Latin Mass Explained

The Traditional Latin Mass

The Extraordinary Form of Mass is celebrated according to the Missale Romanum of Pope Pius V (revised by 
Blessed Pope John XXIII in 1962).
The phrase the Traditional Latin Mass refers to the Mass of the Traditional Roman Rite and is also often referred to by the following titles….

Traditional Latin Mass
Traditional Roman Rite Mass
Extraordinary Form
Tridentine Mass
Vetus Ordo
Usus antiquior

Words, Gestures, and Details
(An extract from the Institute of Christ the King Sovereign Priest Website)

"The moment of Consecration, where the mystery of Transubstantiation takes place, is like a peak of a majestic mountain from which the streams of Paradise flow down into our daily life. Our relationship with God is profoundly linked to the presence of our Savior in the Holy Eucharist, made possible through the Holy Mass and received with awe during Communion.
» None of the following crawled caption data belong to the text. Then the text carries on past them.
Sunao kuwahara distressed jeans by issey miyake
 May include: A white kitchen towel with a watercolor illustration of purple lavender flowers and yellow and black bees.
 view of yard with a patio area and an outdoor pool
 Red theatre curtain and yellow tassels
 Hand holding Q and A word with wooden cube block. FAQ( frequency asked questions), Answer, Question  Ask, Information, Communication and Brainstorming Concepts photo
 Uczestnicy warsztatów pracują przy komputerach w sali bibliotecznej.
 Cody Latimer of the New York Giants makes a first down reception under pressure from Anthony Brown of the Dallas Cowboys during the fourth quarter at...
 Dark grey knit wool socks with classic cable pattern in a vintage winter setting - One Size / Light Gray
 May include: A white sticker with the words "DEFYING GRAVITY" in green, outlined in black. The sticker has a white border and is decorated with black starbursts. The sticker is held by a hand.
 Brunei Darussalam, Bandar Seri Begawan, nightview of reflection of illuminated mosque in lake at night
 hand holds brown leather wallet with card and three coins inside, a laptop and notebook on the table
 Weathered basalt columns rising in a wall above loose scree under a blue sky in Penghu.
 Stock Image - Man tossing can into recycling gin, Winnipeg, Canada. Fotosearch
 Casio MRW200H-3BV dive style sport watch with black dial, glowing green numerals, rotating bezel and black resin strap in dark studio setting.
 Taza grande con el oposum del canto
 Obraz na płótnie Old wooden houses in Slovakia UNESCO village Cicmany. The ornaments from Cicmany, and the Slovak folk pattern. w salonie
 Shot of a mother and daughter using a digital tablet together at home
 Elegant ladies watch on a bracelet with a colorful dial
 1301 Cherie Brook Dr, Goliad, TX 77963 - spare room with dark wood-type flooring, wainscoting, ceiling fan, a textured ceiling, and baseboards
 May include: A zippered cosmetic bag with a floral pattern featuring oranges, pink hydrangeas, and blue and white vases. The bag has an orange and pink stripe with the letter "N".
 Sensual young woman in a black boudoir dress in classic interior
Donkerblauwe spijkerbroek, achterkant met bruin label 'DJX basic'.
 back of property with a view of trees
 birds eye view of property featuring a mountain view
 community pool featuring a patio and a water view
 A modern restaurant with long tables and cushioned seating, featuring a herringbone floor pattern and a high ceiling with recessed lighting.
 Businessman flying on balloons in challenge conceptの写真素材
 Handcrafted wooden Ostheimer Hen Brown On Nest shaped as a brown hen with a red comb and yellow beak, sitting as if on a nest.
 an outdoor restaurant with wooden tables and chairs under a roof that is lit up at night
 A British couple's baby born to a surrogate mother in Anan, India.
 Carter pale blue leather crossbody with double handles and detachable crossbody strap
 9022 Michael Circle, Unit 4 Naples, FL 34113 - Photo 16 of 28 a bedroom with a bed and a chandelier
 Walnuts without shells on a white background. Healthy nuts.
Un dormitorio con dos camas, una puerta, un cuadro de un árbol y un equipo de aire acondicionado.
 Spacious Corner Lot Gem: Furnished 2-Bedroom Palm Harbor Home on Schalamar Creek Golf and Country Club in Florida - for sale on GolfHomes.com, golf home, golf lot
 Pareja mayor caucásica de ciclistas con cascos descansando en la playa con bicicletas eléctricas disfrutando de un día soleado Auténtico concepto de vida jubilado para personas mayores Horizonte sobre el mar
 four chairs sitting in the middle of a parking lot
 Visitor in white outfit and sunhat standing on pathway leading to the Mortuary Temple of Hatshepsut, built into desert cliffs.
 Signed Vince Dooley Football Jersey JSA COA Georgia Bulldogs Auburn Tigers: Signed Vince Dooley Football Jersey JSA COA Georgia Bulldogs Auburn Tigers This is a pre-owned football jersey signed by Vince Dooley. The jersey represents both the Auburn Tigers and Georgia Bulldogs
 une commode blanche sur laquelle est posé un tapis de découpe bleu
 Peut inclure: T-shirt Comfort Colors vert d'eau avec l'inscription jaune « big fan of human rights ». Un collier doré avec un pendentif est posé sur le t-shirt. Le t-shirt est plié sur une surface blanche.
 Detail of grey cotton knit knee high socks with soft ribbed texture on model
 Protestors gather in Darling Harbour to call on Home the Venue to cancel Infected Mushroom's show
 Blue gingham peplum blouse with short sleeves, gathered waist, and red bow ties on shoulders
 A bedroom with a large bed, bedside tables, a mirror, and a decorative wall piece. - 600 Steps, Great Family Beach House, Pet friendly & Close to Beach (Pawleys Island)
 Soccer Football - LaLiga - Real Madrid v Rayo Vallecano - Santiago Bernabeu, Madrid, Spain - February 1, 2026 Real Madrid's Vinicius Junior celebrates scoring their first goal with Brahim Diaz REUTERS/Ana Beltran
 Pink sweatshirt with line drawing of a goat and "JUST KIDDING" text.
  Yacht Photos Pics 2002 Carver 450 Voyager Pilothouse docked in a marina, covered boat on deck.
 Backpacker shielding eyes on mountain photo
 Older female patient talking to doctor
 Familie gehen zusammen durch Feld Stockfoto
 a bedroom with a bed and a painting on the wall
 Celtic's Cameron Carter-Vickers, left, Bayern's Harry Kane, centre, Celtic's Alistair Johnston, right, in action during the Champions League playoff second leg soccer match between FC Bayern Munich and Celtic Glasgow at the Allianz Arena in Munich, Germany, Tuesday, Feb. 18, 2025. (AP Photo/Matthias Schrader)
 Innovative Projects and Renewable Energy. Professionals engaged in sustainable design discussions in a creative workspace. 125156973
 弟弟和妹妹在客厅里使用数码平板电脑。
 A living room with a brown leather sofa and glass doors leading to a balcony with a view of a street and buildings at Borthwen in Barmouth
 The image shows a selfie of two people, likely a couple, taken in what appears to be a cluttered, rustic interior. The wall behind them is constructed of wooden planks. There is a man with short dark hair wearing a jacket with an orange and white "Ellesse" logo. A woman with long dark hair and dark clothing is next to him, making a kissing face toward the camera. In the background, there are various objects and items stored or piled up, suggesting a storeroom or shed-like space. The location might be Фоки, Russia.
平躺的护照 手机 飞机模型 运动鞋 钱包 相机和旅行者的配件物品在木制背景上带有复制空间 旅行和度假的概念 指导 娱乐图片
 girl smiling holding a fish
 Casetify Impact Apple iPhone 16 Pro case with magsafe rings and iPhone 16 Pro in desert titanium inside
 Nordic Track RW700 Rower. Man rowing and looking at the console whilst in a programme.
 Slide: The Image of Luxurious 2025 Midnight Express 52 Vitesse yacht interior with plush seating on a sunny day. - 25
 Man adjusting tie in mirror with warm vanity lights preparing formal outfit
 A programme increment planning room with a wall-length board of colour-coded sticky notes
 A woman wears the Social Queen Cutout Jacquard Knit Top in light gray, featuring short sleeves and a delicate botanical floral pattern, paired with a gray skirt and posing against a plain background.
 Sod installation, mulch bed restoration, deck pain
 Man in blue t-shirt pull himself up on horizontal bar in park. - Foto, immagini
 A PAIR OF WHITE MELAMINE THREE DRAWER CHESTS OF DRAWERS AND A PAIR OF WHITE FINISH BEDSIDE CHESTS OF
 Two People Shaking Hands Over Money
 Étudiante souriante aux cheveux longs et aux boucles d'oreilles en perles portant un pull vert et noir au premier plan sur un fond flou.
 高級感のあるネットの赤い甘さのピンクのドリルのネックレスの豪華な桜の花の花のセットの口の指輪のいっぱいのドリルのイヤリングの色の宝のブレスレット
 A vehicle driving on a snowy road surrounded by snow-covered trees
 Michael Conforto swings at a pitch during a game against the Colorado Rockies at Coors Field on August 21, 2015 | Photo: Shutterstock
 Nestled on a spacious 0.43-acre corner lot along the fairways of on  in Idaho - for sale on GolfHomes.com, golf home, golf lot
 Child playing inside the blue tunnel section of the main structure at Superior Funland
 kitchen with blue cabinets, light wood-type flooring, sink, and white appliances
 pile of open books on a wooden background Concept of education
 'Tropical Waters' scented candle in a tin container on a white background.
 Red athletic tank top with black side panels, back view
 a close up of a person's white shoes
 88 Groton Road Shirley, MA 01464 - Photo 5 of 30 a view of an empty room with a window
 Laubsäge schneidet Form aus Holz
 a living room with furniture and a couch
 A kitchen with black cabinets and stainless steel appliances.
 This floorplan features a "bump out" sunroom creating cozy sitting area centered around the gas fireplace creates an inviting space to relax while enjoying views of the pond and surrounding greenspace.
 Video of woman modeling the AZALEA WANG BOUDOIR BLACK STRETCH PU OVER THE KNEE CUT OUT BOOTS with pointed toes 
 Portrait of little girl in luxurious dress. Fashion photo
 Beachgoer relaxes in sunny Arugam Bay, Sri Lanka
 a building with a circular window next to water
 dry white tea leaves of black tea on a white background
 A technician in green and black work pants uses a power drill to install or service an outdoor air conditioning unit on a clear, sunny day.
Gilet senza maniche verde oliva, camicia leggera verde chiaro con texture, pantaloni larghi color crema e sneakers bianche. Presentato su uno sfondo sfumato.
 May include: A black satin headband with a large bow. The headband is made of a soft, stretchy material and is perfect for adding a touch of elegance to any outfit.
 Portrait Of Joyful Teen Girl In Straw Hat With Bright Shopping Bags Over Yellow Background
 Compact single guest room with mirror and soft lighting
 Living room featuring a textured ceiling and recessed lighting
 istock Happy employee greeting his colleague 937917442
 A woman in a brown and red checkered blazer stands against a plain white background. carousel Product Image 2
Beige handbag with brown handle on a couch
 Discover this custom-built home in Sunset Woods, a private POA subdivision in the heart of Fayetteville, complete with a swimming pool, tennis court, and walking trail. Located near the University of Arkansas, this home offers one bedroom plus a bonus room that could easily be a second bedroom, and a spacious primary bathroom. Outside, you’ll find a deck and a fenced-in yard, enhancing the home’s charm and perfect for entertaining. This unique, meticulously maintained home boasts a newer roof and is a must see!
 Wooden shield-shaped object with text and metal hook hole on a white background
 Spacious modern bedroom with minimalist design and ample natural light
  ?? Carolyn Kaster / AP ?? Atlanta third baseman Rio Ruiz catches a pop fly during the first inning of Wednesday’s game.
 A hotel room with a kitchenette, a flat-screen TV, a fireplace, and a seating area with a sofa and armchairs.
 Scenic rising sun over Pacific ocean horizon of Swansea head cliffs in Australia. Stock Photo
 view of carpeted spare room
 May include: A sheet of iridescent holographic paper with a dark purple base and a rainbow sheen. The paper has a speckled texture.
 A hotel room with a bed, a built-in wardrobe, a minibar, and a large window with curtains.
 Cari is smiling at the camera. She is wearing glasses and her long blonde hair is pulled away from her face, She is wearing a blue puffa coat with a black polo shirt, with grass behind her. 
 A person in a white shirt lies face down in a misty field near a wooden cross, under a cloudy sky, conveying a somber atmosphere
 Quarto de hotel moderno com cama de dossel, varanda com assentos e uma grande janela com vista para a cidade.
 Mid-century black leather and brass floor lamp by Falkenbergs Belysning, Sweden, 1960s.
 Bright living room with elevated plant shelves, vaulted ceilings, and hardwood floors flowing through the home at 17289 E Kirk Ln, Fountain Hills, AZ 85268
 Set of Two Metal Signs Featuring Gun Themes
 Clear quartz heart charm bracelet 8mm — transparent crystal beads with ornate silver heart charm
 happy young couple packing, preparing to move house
In a human relationship, every word, every gesture, and every detail is important — how much more in our relationship with God! Therefore, to secure this relationship, on which our life and salvation is depending, the Church has always taken the greatest care with the words, gestures, and details of the Sacred Liturgy." 

It is often stated by detractors that the Latin Mass concentrates too much on ritual, but this is far from the truth. Every aspect of the Latin Mass has meaning....

  • The amice is placed over the head upon vesting. This symbolises the Helmet of Salvation in Ephesians 6. It reminds the priest of his role in salvation history.
  • The cincture reminds the priest of the purity which he is called to maintain.
  • The maniple is placed over the priest's left arm to remind him of the need for his labour.
  • The stole is like a yoke and reminds him of his duty.

Every aspect of the Traditional Latin Mass has meaning and there is always something new to learn. In short, all aspects remind either the priest, or the congregation, of the gravity of what is about to take place in the divine sacrifice of the altar.

Orientation of the Priest and People

At the Traditional Mass, the priest and people face east, towards the Lord and the direction from which Christ will return. This orientation was used at the Last Supper and by the early Christians, and it continues to be used at the Traditional Mass. This common direction of prayer should not be viewed as the priest having his "back to the people"; rather, this eastward orientation fully expresses the meaning of the Mass—the priest leads the faithful towards the eternal goal of the Heavenly City, and he offers the Sacrifice that is Christ, to God, facing God. For Catholic tradition sees Christ as coming from the East, the direction of the rising sun.

This orientation also makes the priests' personality fade away. He becomes a servant to the sacred act that he performs.

There are three types of Latin Mass

High Solemn Mass
Sung Mass with full Ceremonial 
i.e. the highest form of Mass
Six lighted candles on the altar
One Priest assisted by deacon and subdeacon
Master of Ceremonies and at least three servers
All prayers and parts are intoned or chanted 
by priest and scola.

Missa Cantata
Six lighted candles on altar
One priest who chants various parts of the Mass
Priest intones the Gloria and Creed, chants Gospel, Preface & Our Father, 
Schola chants the Proper Prayers.

Low Mass
Two lighted candles on the altar
One priest who does not sing
No prayers of the Mass are Sung or chanted.
There may be chant at the Offertory and Communion.
A may be a recessional hymn, or there may be no singing. 
Normally this Mass is celebrated silently.

The Latin Language and Catholic Identity

The Pope celebrates the Mass in Latin every day because Latin is the maternal language of the Roman Catholic Church. Most important documents are issued in Latin. The Latin language was introduced into the Mass very early. For a brief period before that, Greek was used, and this Greek is preserved in the Kyrie. Through Latin the unity of prayer and faith has been preserved over all national differences for centuries. Latin has also inspired literature and Gregorian chant, and is the language of the Second Vatican Council. As part of the New Liturgical Movement where Catholics are reclaiming their Catholic identity, Latin is becoming more and more central to this.